Have you ever wondered where ideas come from? Why am I thinking about her, right now. Why am I in this room and what inspired me to go here? Why did I find myself saying that? These questions prompted me to see all my thoughts as holding value, even if I could not see how. Maybe they were helping me remember something I had long forgotten. Maybe they were nudges from my spirit as to which way to go in life. And maybe they were ideas come forward in order to be healed.
Thoughts, I have found, all hold potential. They can become a better thought. They can lead us on a chain of thoughts to a better place. They can take us on a ride, and deliver us to a new location. That’s how powerful our minds are.

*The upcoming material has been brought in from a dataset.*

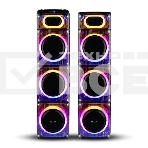 Колонка ELTRONIC 10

Using your mind, then, is not about thinking it out. It’s about planning it out, and then thinking. Here is the difference. In the first case, you do all the work in your head. In the second case, you get the ideas out of your head, so you can improve them, on purpose.
This is why self reflection is such a useful tool. It allows you to empty yourself, see your thoughts, and then choose new thoughts, one at a time. Then, with these new thoughts, you add them back in to your Practice so that you think them on purpose. If you did this every day for a week, you could clear your biggest blocks. If you made this a habit, you’d change your life. If you did this with an intention to always choose the better thought, you’d heal your old wounds.
This is why self reflection is such a useful tool. It allows you to empty yourself, see your thoughts, and then choose new thoughts, one at a time.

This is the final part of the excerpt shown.